Reagan, a longtime opponent of protectionist measures, once more declared his preference for "freer and fairer trade." But he acknowledged problems arising from the strong U.S. dollar but did not directly say it is overvalued. Calling for "a sound and stable dollar at home and reliable exchange rates around the world," Reagan said he is directing Treasury Secretary James A. Baker III to determine whether there should be an international monetary conference.

Of the new proposals made by Reagan last night, the potentially most far-reaching is a year-long study he ordered undertaken by the White House Domestic Council headed by Attorney General Edwin Meese III. The president said this study will evaluate programs and develop "a strategy for immediate action to meet the financial, educational, social and safety concerns of poor people."

Reagan was strongly applauded when he concluded this passage by saying "the success of welfare should be judged by how many of its recipients become independent of welfare."

The president said that "in the welfare culture" the breakdown of the family has "reached crisis proportions in female and child poverty, child abandonment, horrible crimes and deteriorating schools."

Reagan repeated his opposition to abortion, saying that "America will never be whole as long as the right to life granted by our Creator is denied to the unborn." Antiabortion groups had urged the president to include this message in his speech, and White House sources said Reagan had decided in their favor after a disagreement among his aides on this issue.

Officials who briefed reporters on the speech denied that the study directed by Meese will be used as a device to reduce services for the poor.
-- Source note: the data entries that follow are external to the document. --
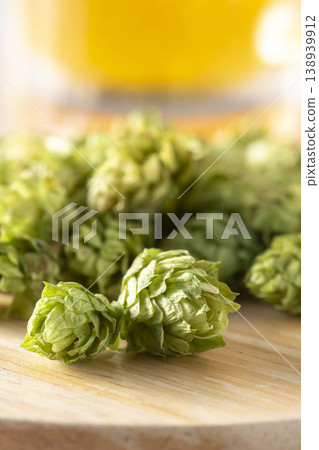 Dried hop cones are placed on a wooden table, conveying the aroma and bitterness of hops used as an ingredient in beer brewing. Dried hop cones are placed on a wooden table, conveying the aroma and bitterness of hops used as an ingredient in beer brewing. 138939912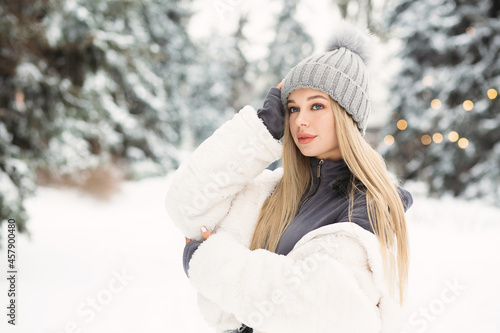 Young lady walking in the winter forest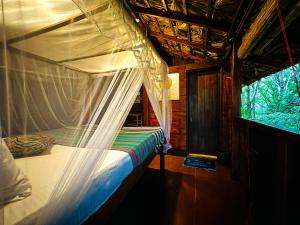 una cama con dosel en una habitación con ventana en Jungle Host Hostel And Tree House, en Sigiriya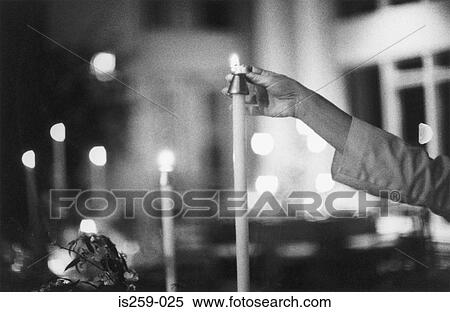 Hand lighting a candle View Large Photo Image Stock Photography - Hand lighting a candle. Fotosearch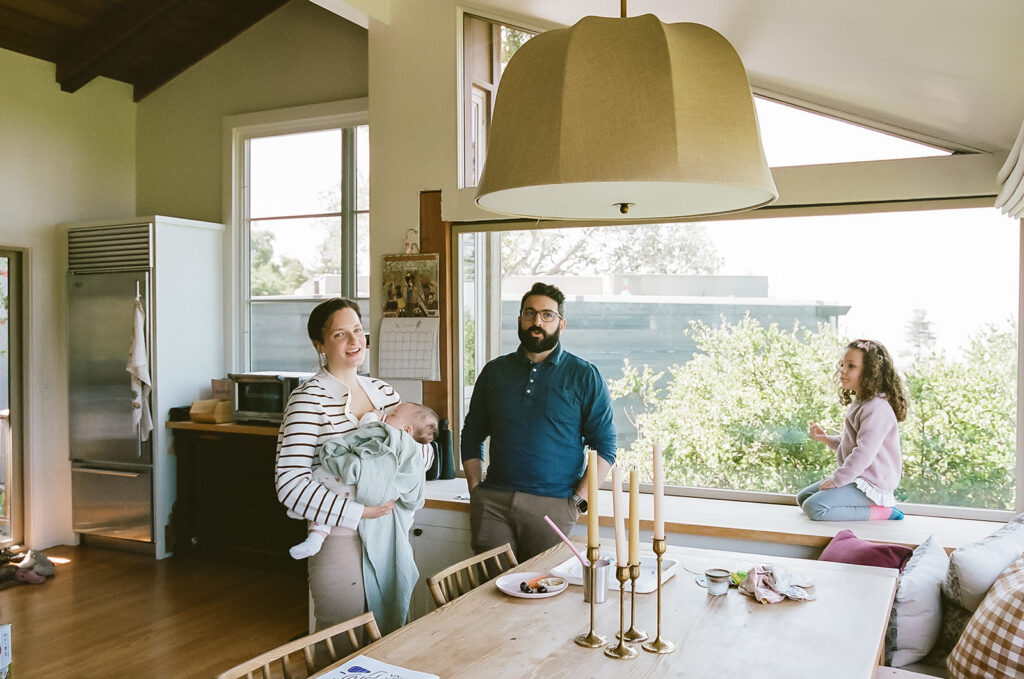 Family of four in their kitchen during their documentary newborn photos in Berkeley, California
But they disagreed on how much these services cost.

The president's other new proposal, one he has favored since he was governor of California, is a study that will be directed by Health and Human Services Secretary Otis R. Bowen on ways to provide affordable health insurance for Americans "whose life savings would otherwise be threatened when catastrophic illness strikes." The administration is expected to ask Congress soon to expand Medicare to cover catastrophic illness costs for the elderly.

Reagan was warmly applauded when he entered and left the House chamber, and his speech was interrupted by applause 28 times.

He ended his message by lauding the accomplishments of four young Americans who were seated with First Lady Nancy Reagan in the House gallery -- science student Richard Cavoli, music prodigy Tyrone Ford, safety patrol member Shelby Butler, who saved another girl in a school bus accident, and Trevor Ferrell, who aided the homeless in suburban Philadelphia. All are 13 years old except Ford, who is 12.

Asking the four to stand, Reagan said, "You are heroes of our hearts. We look at you and know it is true -- in this land of dreams fulfilled where greater dreams may be imagined, nothing is impossible, no victory is beyond our reach, no glory will ever be too great."